There are some terrific FTSE growth stocks listed on the London Exchange. And thanks to the ongoing economic uncertainty, most are trading at relatively cheap prices.
That includes the companies that are seemingly chugging along nicely, despite what the lacklustre share price performance would suggest.
For investors fortunate to have lump sums to invest right now, here are two enterprises from my portfolio that look like solid buying opportunities, in my eyes.
Video games aren’t going away
For years, Keywords Studios (LSE:KWS) was a gaming darling. The talent services firm was a picks-and-shovels approach to investing in the high-growth industry without taking on excessive risk.
The main problem with investing directly in game development studios is the financial damage that a title flop can cause. After all, creating a video game isn’t cheap. And if gamer expectations aren’t met, it can sometimes lead to the demise of an entire studio.
But with Keywords, that’s not the case since the group gets paid regardless of the critical reception.

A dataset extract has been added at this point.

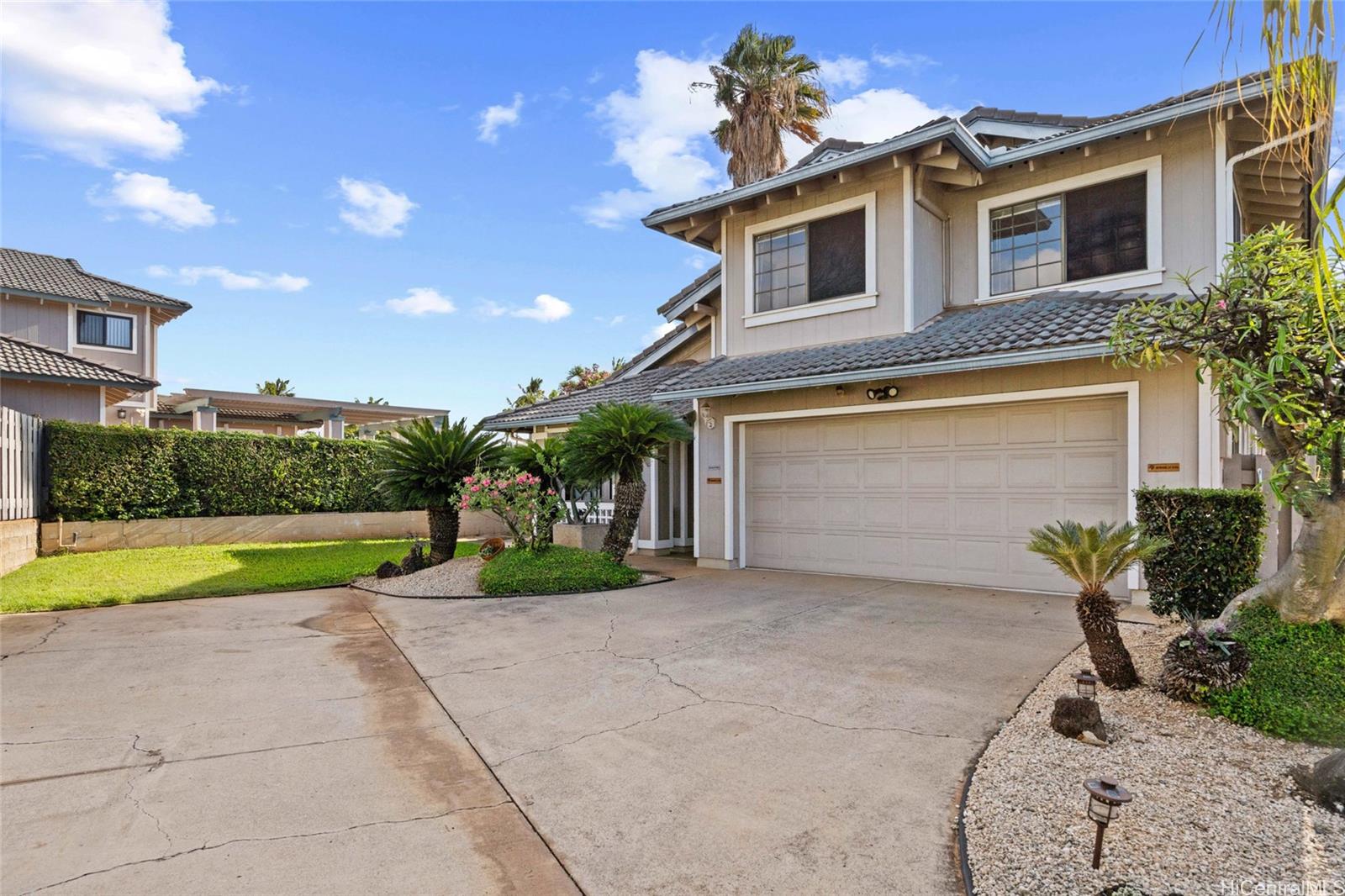 91-209  Oaniani Place Kapolei-malanai, Ewaplain home - photo 2 of 25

Even in 2023, demand for video games remains robust. Or at least that’s what the group’s double-digit sales growth and profit margins would suggest. And yet the stock is down over 40% since the start of the year! What’s going on?

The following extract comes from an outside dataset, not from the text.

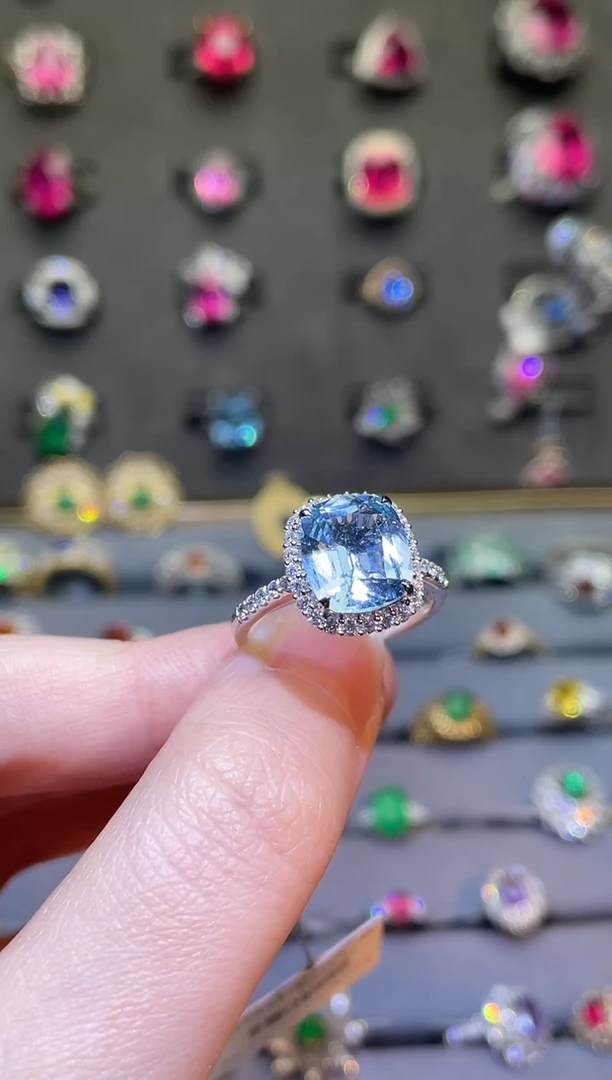 海蓝宝石戒圈18K金镶嵌2.8ct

There’s no clear single explanation behind this downward pressure. Having traded at a lofty premium for years, such volatility isn’t too surprising.
However, from what I can tell, investors are getting increasingly nervous about artificial intelligence (AI). With generative AI models stealing headlines, there are some valid concerns that the group’s business model could be disrupted.
However, personally, I think people may be jumping the gun. AI has been used in video game development for over a decade. In fact, Keywords owns some of the biggest related tools in the industry, such as Yokozuna Data and KantanAI.
And with management still actively investing in this space, the company appears to be making the right moves to adapt and capitalise on the technological shift. That’s why, despite the overall pessimism, I remain optimistic about the long-term potential of this business.
Digital ads’ winter is thawing
Like many industries, digital advertising is cyclical. With the explosive rise of e-commerce following pandemic lockdowns, dotDigital (LSE:DOTD) saw its growth explode in a few short months. Inevitably, the momentum came grinding to a halt when inflation began to rear its ugly head. And with it, the stock price tanked.
Shares are down 70% since its September 2021 peak as growth evaporated, from high double-digits to low-singles. Much like Keywords, the company carried quite a lofty valuation, laying the foundation for such levels of volatility.
But the latest trading update shows that growth seems to be steadily creeping back in. And as businesses steadily ramp up their advertising budgets, sales and earnings are rising once again.
The group still has to contend with fierce competition. And many of its rivals are far larger, such as Intuit, following its acquisition of Mailchimp.
Yet rising average revenue per customer indicates that dotDigital is proving its value to clients. And at a P/E ratio of 23, the stock looks like it’s trading at a more sensible valuation to bolster my existing position.